#### TASK TO CARRY OUT:
Starting at the top of the entries below, set down every line exactly, please, until you reach the line with "Pegah Ghafoori Instagram", which is included too.
━━ SUPPLIED DATA
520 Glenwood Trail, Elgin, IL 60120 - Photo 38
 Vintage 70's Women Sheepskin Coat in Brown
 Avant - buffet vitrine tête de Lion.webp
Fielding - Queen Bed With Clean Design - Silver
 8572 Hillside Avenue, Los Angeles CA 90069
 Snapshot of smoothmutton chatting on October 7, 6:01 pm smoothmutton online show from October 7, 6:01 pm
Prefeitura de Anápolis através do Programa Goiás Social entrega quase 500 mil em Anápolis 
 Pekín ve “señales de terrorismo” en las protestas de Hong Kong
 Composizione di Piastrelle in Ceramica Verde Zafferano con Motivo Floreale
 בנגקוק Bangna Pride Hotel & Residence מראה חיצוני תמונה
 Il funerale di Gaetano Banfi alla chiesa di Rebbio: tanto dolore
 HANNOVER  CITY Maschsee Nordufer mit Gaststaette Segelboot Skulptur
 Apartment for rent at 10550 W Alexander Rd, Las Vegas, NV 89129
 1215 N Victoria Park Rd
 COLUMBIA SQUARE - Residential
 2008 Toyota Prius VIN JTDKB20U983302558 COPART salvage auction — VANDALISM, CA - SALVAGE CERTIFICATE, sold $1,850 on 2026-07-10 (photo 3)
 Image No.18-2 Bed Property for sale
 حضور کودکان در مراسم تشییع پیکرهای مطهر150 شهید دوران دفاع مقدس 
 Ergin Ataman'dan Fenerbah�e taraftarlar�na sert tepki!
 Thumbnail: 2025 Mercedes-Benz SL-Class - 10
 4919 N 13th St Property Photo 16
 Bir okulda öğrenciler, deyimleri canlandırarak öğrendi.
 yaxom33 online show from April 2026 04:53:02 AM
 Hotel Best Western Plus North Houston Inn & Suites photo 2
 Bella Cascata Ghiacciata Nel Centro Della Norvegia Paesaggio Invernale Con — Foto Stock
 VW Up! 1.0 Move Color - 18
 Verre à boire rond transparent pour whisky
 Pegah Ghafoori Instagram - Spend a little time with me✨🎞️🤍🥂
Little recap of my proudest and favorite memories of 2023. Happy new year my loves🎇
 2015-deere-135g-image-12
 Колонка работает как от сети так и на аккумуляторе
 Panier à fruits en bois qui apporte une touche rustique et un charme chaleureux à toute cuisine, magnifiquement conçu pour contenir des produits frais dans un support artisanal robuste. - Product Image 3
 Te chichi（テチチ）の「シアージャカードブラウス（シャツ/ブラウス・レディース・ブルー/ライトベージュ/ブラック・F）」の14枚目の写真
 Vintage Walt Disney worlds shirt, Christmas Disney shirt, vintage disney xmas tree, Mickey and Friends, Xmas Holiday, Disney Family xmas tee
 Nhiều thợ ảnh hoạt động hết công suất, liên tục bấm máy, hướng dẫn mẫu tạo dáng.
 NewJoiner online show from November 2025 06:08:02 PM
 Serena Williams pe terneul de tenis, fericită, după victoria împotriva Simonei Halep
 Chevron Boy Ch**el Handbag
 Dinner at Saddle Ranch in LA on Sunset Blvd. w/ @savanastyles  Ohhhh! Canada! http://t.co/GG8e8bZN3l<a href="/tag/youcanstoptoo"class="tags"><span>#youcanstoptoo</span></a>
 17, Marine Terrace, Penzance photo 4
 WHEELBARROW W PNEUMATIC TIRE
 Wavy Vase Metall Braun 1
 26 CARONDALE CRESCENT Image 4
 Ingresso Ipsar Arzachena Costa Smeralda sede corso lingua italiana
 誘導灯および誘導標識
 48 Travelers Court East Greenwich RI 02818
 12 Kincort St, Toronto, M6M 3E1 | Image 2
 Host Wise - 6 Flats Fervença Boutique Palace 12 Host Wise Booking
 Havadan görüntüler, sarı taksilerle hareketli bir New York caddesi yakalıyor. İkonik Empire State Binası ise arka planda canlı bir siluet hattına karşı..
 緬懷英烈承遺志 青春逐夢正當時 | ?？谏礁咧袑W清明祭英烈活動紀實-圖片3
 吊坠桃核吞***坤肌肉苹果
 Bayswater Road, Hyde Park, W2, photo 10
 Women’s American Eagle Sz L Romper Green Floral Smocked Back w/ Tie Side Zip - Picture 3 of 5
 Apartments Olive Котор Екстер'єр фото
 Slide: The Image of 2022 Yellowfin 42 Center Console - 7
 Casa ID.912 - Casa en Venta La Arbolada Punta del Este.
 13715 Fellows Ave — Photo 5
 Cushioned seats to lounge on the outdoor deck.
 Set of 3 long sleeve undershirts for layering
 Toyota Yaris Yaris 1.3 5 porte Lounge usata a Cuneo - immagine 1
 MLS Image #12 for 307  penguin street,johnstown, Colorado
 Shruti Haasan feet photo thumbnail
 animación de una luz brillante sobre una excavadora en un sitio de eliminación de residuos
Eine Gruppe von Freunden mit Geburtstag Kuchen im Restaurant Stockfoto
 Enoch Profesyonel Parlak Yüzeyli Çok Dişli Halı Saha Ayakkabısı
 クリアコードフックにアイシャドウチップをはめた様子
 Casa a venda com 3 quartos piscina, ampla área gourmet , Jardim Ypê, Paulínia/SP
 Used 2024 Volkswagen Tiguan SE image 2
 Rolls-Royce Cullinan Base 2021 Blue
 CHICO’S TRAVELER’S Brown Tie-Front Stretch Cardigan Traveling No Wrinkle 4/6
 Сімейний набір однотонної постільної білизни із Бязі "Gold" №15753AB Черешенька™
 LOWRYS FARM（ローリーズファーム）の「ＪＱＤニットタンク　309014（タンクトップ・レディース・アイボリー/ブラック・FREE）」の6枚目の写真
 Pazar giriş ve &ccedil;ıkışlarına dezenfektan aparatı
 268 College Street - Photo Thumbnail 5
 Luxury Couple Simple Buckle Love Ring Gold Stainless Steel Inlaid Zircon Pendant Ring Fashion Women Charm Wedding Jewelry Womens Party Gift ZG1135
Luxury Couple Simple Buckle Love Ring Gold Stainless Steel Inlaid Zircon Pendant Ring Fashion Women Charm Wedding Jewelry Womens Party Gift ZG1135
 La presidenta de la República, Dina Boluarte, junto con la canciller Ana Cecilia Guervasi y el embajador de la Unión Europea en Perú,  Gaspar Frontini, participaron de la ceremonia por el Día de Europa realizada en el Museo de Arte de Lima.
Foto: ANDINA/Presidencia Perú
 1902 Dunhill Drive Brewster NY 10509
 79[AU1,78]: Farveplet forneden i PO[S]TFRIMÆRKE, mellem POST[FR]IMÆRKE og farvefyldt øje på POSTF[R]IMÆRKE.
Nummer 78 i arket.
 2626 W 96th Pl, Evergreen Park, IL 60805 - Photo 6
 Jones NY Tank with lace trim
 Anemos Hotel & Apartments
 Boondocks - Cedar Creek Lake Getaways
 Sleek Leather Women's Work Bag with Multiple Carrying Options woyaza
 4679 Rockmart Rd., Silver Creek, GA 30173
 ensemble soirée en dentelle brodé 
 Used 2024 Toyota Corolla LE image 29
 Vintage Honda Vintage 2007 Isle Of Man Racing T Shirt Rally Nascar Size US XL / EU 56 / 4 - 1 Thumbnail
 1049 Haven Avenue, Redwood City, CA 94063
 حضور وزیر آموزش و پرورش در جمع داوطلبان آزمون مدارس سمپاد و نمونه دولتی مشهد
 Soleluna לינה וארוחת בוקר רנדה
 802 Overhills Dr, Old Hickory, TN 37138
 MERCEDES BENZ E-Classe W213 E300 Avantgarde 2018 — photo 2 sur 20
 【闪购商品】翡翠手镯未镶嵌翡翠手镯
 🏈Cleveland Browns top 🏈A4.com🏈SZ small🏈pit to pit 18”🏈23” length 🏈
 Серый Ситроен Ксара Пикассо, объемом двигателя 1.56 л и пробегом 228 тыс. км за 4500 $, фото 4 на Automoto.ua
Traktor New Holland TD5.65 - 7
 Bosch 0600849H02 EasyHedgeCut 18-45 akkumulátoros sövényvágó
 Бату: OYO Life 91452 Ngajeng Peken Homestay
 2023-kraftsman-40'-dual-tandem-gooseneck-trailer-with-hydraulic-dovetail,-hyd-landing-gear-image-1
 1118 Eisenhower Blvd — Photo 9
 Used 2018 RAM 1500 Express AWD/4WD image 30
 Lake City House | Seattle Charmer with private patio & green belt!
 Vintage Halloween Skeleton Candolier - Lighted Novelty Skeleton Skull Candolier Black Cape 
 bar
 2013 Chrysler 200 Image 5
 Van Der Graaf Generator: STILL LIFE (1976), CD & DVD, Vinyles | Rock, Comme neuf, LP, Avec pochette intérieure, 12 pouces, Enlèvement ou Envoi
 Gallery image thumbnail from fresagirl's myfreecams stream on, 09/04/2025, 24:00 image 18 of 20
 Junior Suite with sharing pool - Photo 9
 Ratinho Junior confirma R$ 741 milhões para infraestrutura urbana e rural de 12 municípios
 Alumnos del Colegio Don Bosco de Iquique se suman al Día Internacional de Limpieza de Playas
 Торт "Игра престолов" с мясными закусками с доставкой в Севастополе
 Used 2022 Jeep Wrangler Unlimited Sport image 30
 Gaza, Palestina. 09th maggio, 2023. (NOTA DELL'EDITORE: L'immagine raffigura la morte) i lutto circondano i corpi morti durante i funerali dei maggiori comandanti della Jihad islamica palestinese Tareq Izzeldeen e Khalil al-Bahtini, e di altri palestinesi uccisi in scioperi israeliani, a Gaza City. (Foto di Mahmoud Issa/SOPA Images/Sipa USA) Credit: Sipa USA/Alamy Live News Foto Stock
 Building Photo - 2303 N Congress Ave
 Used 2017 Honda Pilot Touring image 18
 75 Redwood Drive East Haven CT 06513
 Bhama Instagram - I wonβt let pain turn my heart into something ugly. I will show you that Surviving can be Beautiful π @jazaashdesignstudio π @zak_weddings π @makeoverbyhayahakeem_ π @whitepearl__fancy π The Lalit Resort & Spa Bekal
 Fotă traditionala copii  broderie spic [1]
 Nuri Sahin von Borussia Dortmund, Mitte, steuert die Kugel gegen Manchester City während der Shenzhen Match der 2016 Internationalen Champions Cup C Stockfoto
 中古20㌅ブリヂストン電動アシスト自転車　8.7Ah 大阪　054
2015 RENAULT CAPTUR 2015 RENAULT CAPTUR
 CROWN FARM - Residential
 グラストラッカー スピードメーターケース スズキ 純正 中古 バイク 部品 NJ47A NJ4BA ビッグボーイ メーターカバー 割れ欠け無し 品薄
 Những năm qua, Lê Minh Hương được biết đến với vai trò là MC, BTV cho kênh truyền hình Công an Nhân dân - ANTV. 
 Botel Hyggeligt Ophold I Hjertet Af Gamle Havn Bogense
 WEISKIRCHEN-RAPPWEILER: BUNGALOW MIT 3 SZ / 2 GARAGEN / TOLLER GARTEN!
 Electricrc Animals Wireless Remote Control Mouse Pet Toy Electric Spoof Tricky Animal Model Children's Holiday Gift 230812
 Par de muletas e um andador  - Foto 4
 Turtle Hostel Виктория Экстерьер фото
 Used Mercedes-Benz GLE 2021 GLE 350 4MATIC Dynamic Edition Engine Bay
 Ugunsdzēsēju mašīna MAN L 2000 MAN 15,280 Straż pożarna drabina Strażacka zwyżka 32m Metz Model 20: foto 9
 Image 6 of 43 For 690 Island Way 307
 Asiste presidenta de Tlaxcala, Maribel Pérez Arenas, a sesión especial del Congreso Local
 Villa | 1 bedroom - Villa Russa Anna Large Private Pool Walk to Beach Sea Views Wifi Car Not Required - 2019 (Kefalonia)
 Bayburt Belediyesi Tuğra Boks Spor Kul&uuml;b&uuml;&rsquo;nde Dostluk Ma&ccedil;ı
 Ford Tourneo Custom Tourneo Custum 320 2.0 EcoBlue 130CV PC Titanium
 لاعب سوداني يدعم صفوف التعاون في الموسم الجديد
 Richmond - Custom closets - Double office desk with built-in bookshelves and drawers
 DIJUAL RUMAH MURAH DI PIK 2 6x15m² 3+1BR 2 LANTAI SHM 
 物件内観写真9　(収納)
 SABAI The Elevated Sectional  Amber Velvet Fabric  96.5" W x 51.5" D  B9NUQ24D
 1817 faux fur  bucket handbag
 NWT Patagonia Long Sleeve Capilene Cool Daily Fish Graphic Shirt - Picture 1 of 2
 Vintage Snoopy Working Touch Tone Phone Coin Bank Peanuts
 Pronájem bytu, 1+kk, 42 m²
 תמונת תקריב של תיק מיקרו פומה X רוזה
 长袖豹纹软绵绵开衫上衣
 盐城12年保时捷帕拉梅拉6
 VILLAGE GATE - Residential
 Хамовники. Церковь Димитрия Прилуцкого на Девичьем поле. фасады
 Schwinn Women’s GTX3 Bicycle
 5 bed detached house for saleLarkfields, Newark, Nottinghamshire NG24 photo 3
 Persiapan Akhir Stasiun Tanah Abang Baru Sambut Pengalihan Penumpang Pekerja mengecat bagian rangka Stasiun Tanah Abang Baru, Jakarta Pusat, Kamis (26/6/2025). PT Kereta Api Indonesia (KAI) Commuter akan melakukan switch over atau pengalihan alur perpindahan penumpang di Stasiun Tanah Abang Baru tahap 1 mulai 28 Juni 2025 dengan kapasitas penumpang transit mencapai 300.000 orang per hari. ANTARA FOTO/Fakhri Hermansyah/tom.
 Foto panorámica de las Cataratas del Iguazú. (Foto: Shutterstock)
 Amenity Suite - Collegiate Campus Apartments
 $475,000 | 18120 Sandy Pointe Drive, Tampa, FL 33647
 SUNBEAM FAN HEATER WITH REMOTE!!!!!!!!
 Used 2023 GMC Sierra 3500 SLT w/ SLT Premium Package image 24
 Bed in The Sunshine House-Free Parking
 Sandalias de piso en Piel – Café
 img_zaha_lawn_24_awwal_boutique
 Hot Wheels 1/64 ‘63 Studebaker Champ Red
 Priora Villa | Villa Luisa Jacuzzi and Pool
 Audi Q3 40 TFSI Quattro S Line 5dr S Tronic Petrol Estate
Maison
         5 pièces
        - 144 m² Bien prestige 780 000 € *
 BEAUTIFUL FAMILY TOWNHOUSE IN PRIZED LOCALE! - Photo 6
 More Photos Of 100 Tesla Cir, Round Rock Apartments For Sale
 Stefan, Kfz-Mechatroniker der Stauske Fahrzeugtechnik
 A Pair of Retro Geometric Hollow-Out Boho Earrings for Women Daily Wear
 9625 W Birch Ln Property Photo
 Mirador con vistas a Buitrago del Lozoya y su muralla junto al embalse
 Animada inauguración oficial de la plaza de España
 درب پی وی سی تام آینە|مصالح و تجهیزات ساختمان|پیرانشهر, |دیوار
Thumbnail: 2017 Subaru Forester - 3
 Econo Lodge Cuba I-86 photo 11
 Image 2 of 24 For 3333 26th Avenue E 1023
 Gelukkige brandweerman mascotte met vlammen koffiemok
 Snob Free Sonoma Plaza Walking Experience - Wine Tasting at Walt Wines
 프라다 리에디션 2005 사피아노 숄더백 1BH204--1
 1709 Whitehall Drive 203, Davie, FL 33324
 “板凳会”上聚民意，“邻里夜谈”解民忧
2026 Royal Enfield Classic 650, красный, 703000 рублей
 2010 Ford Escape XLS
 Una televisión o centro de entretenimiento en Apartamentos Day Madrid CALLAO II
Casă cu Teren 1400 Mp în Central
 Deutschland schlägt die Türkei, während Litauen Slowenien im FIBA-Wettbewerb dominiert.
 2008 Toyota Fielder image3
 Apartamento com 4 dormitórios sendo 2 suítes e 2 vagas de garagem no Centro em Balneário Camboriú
━━━━
#### ANSWER AREA:
520 Glenwood Trail, Elgin, IL 60120 - Photo 38
 Vintage 70's Women Sheepskin Coat in Brown
 Avant - buffet vitrine tête de Lion.webp
Fielding - Queen Bed With Clean Design - Silver
 8572 Hillside Avenue, Los Angeles CA 90069
 Snapshot of smoothmutton chatting on October 7, 6:01 pm smoothmutton online show from October 7, 6:01 pm
Prefeitura de Anápolis através do Programa Goiás Social entrega quase 500 mil em Anápolis 
 Pekín ve “señales de terrorismo” en las protestas de Hong Kong
 Composizione di Piastrelle in Ceramica Verde Zafferano con Motivo Floreale
 בנגקוק Bangna Pride Hotel & Residence מראה חיצוני תמונה
 Il funerale di Gaetano Banfi alla chiesa di Rebbio: tanto dolore
 HANNOVER  CITY Maschsee Nordufer mit Gaststaette Segelboot Skulptur
 Apartment for rent at 10550 W Alexander Rd, Las Vegas, NV 89129
 1215 N Victoria Park Rd
 COLUMBIA SQUARE - Residential
 2008 Toyota Prius VIN JTDKB20U983302558 COPART salvage auction — VANDALISM, CA - SALVAGE CERTIFICATE, sold $1,850 on 2026-07-10 (photo 3)
 Image No.18-2 Bed Property for sale
 حضور کودکان در مراسم تشییع پیکرهای مطهر150 شهید دوران دفاع مقدس 
 Ergin Ataman'dan Fenerbah�e taraftarlar�na sert tepki!
 Thumbnail: 2025 Mercedes-Benz SL-Class - 10
 4919 N 13th St Property Photo 16
 Bir okulda öğrenciler, deyimleri canlandırarak öğrendi.
 yaxom33 online show from April 2026 04:53:02 AM
 Hotel Best Western Plus North Houston Inn & Suites photo 2
 Bella Cascata Ghiacciata Nel Centro Della Norvegia Paesaggio Invernale Con — Foto Stock
 VW Up! 1.0 Move Color - 18
 Verre à boire rond transparent pour whisky
 Pegah Ghafoori Instagram - Spend a little time with me✨🎞️🤍🥂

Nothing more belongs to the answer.